So which are the other two forums ?


----------



## Deleted090308 (Jan 25, 2007)

Do you really expect us to recommend other forums? :grin:


----------



## Frank4d (Dec 15, 2007)

Removed links to other forums so I don't have to help you with the same problem in three different forums.


----------



## sobeit (Nov 11, 2007)

posting the same question in multiple forums can do more harm than good because there are sometimes different ways to solve a problem but trying them all at the same time can do more damage to your system. 

IMO, its waste of resources when one person hogs help from several forums at once.


----------



## Deleted090308 (Jan 25, 2007)

Not to mention multi-posting - that's a sure way to confuse everybody trying to help you, and ultimately yourself.


----------



## carsey (Aug 19, 2006)

To be honest theres no way we can stop this happening.

If people think that posting on 2,3,4 different forums speeds up the process, they are probably wrong. It adds confusion to the issue etc.

Anyhow, why would people want to go elsewhere that TSF???


----------



## Monty Python (Nov 2, 2007)

So, back to the original question, what are some of the other "top-notch" forums on the interet ? I see "Expert Exchange" listed frequently, but it appears to be a paid-service. "Tech Support Guy" looks nice, but quality answers seem to be few and far between.

I'm going to ignore everything else posted here, as it is obvious the OP hasn't been read completely and understood.


----------



## carsey (Aug 19, 2006)

Well, there are many different forums out on the net. You just cant judge the quality of a forum by how many posts or members it has.

You judge by the friendliness and quality of advice given.

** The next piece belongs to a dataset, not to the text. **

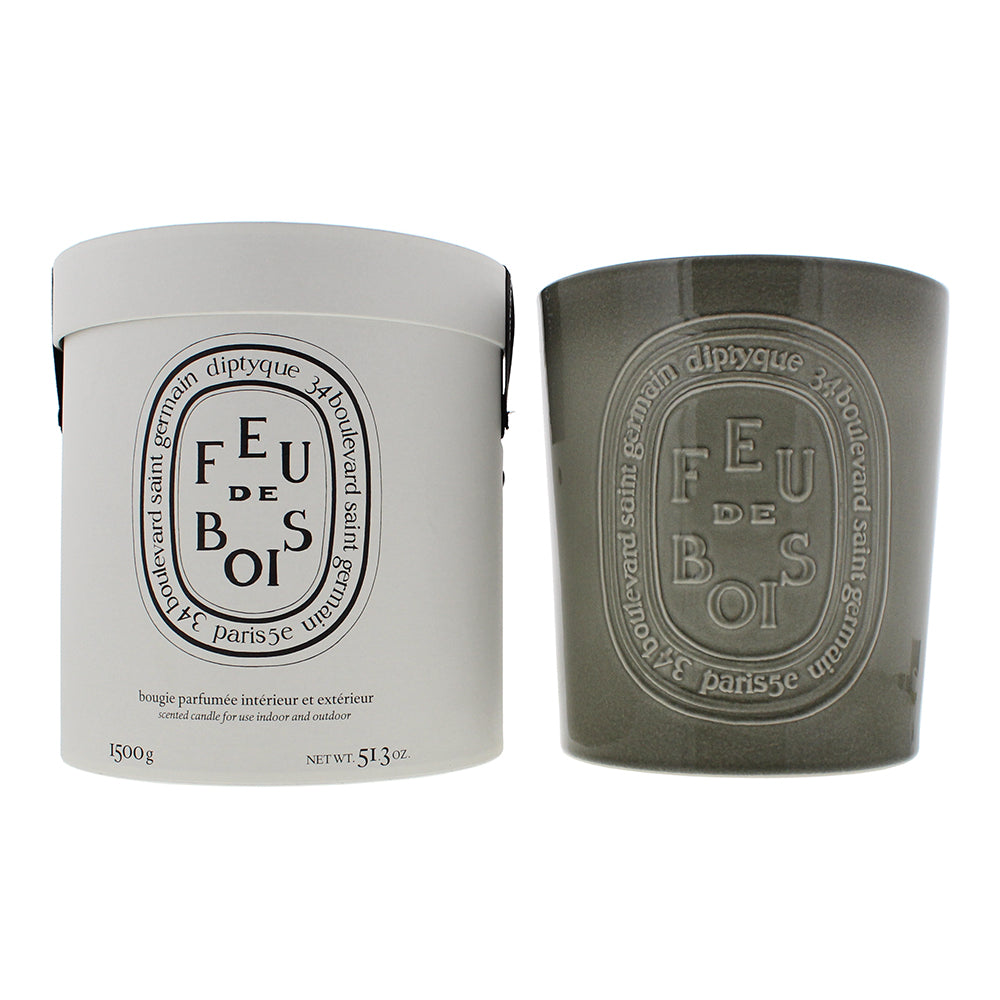 Diptyque Feu De Bois Scented Candle 1500g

TSF is the best out there. :wink:


----------



## Deleted090308 (Jan 25, 2007)

Monty Python said:


> so that I can post questions on numerous forums in order to increase the answer quality and speed.


Pardon me, but I think I understood that perfectly well.


----------



## Frank4d (Dec 15, 2007)

Monty Python said:


> I'm going to ignore everything else posted here, as it is obvious the OP hasn't been read completely and understood.


OK, I think I get what you are asking. Regarding questions about case modding, or overclocking or AMD vs. Intel? (anything not related to a problem), go ahead and post in multiple forums.


----------



## sobeit (Nov 11, 2007)

Monty Python said:


> So, back to the original question, what are some of the other "top-notch" forums on the interet ?
> 
> I'm going to ignore everything else posted here, as it is obvious the OP hasn't been read completely and understood.


your question was understood quite well by everyone. It was just like going into dr pepper bottling company and asking where the coke machine is. 



> Originally Posted by Monty Python View Post
> so that I can post questions on numerous forums in order to increase the answer quality and speed.


top-notch forums are in the eyes of the beholder so your best bet will be to google and do your own research.


----------



## dai (Jul 2, 2004)

i think the original question has been understood and if answered would see the thread binned under the forum rules


----------



## Done_Fishin (Oct 10, 2006)

Monty Python said:


> So, back to the original question, what are some of the other "top-notch" forums on the interet ? I see "Expert Exchange" listed frequently, but it appears to be a paid-service. "Tech Support Guy" looks nice, but quality answers seem to be few and far between.
> 
> I'm going to ignore everything else posted here, as it is obvious the OP hasn't been read completely and understood.


I am not saying that I am biased but there is only *ONE *forum .. and you're there :grin:


----------



## Monty Python (Nov 2, 2007)

dai said:


> i think the original question has been understood and if answered would see the thread binned under the forum rules


Well if asking about other sources of information is explicitly against the rules, a simple statement to this effect with a link to whatever rule applied would have been best.

I had thought that this forum might be a place where people that were interested in acquiring and sharing knowledge might be able to do so. I was not aware that this was an exclusive club that prohibited discussion of other sources of information.

There are many other forums. I'll search elsewhere.


----------



## dai (Jul 2, 2004)

there are hundreds of forums and i think on 99.9% of them you will run into the same brick wall for what is considered soliciting spam


----------



## Deleted090308 (Jan 25, 2007)

Thanks Dai.


----------